Still, in the back of our heads, we planned to move back when the kids finished school. Since Ian will be in the system until he’s 21, we thought we had another six years before getting a two bedroom on the A Train line.

But I’m not so sure about that anymore. My family and friends who live in New York City,  DIE-HARD city-types, are miserable. The subway system is falling apart. The cars are more crowded than ever. Crammed into cars trying to grasp a handrail isn’t a fun way to start the day. And the trains keep breaking down. Repairs means that trains are rerouted, so it might take three trains to get to work, instead of one.

Everybody knows that the subway system, which still uses 120-year old parts, is falling apart. While corruption and union rules have made repairs prohibitively expensive, the real solution is to rip it all out and start over again. Which is impossible. Nobody could get to work or school for five years.

And then getting around the city by car has also been a nightmare. We drove into the city to go to the Metropolitan Museum of Art this week. In ten degree weather, the line to get into the museum curled around the front fountains. (Insider tip — the parking lot entrance to the museum was empty, so we zipped right in.) There are tons and tons of tourists in New York City these days.

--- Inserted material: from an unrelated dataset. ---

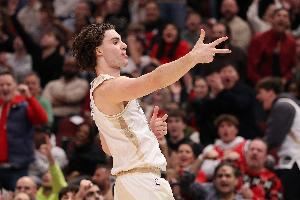 队记：公牛与吉迪相互有意 双方的分歧在800万到1000万美元之间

After the museum, we went to our favorite dive Chinese restaurant in Chelsea. We drove down Fifth Avenue. It was bumper to bumper Uber cars all the way downtown. Uber cars have made traffic so much worse.

So, that’s just my commuter gossip for the day.

Dr. Manhattan sent me two links to transportation articles that he likes. I’m still reading them: James Q. Wilson piece from 20 years ago writes there’s no way in hell the car could be invented today.  Charles C.W. Cooke piece on the politics of self-driving cars.

The Times has had several excellent articles on the transportation issues: How Politics and Bad Decisions Starved New York’s Subways and Your Uber Car Creates Congestion.